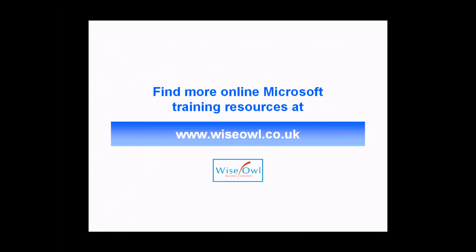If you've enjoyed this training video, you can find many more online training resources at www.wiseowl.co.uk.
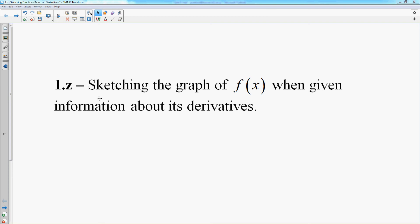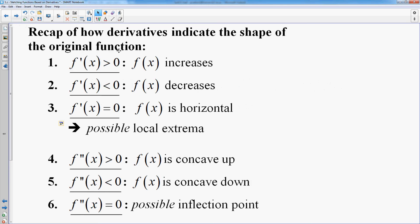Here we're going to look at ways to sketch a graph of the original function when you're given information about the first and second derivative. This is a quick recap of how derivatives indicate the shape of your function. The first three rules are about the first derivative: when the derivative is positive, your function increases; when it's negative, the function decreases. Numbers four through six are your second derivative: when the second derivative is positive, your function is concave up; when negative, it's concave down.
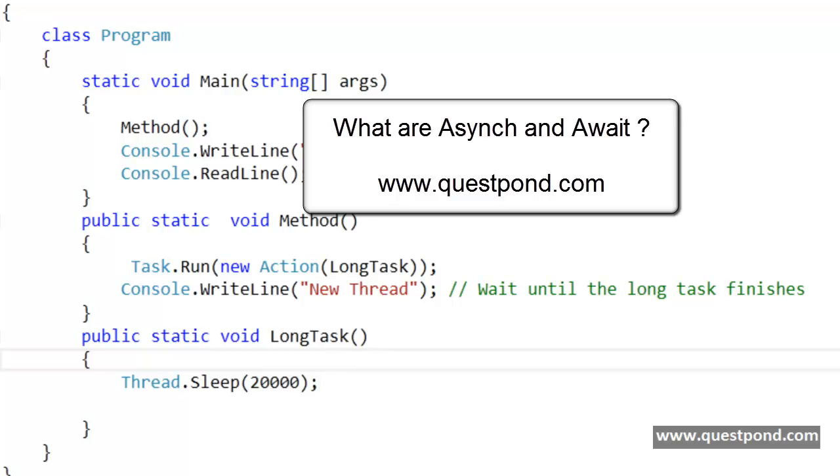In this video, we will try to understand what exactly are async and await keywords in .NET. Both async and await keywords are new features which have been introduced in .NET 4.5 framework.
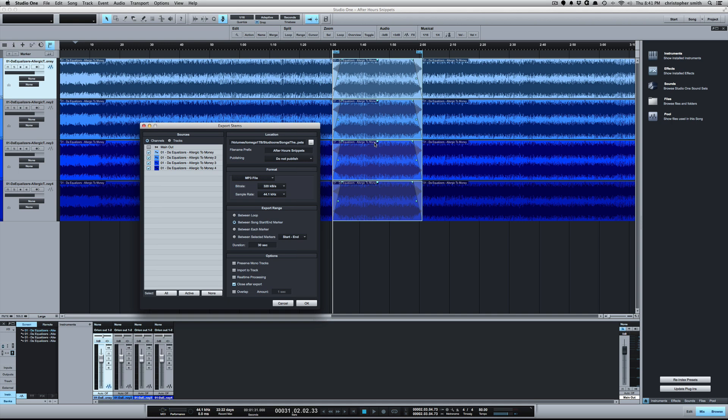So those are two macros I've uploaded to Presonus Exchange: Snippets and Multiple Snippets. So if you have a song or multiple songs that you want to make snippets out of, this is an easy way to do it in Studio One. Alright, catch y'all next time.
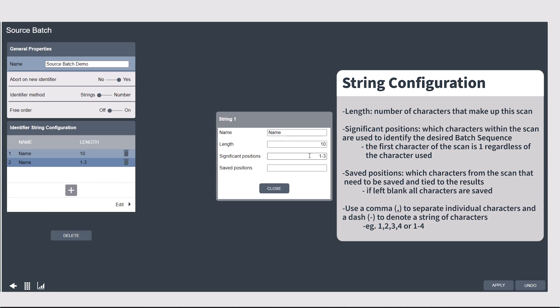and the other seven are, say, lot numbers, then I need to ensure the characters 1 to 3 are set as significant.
...
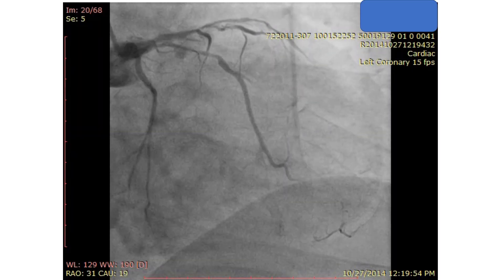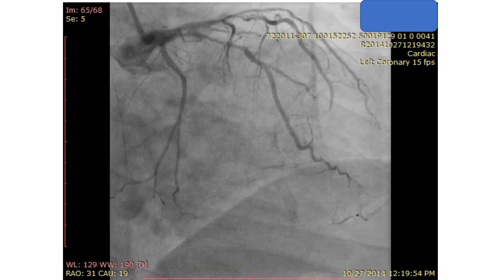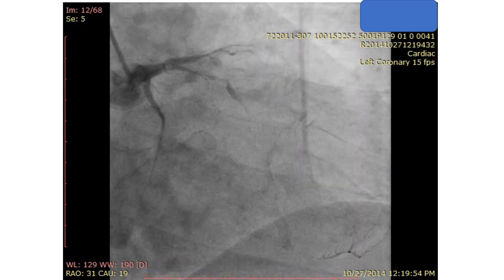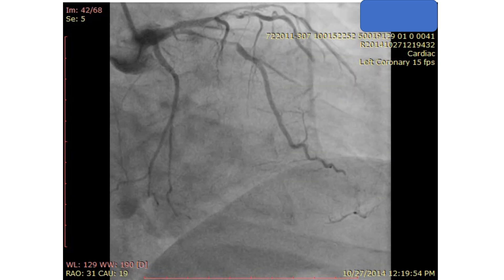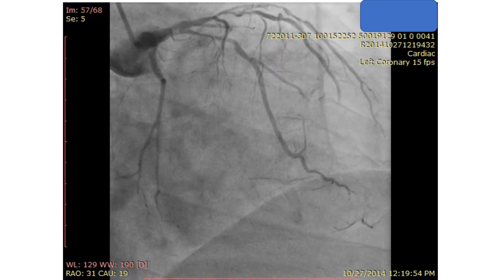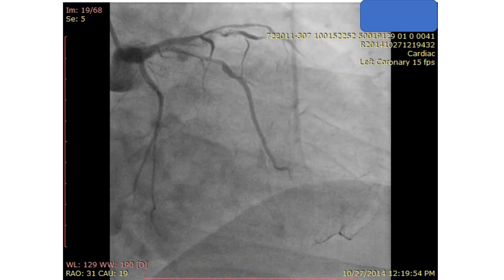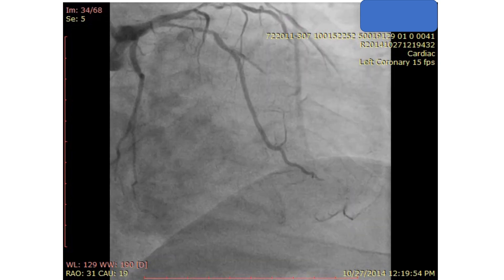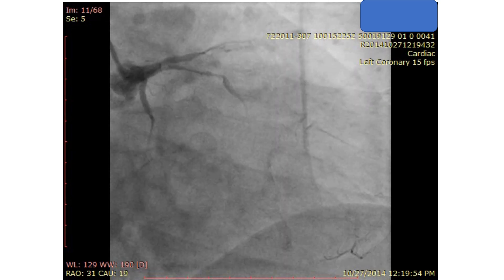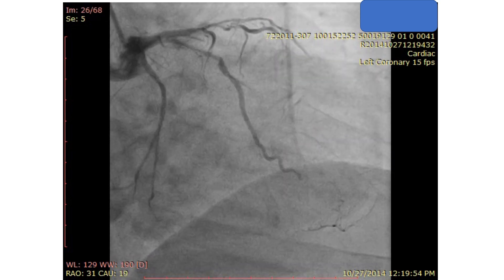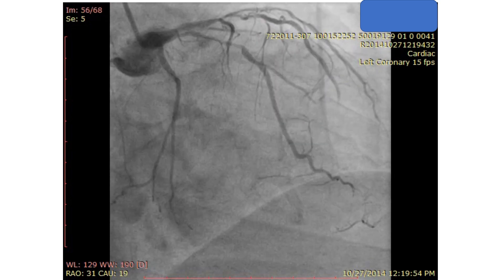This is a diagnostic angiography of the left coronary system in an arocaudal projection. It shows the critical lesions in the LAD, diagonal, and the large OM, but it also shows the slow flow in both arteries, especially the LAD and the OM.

→ Aim of the task:
Using the data above, return the lines from the one holding "Here we're going" through the one holding "In this video, we" exactly, but not the pictures.

→ Task result:
Here we're going to look at ways to sketch a graph of the original function when you're given information about the first and second derivative. This is a quick recap of how derivatives indicate the shape of your function. The first three rules are about the first derivative: when the derivative is positive, your function increases; when it's negative, the function decreases. Numbers four through six are your second derivative: when the second derivative is positive, your function is concave up; when negative, it's concave down.
In this video, we will try to understand what exactly are async and await keywords in .NET. Both async and await keywords are new features which have been introduced in .NET 4.5 framework.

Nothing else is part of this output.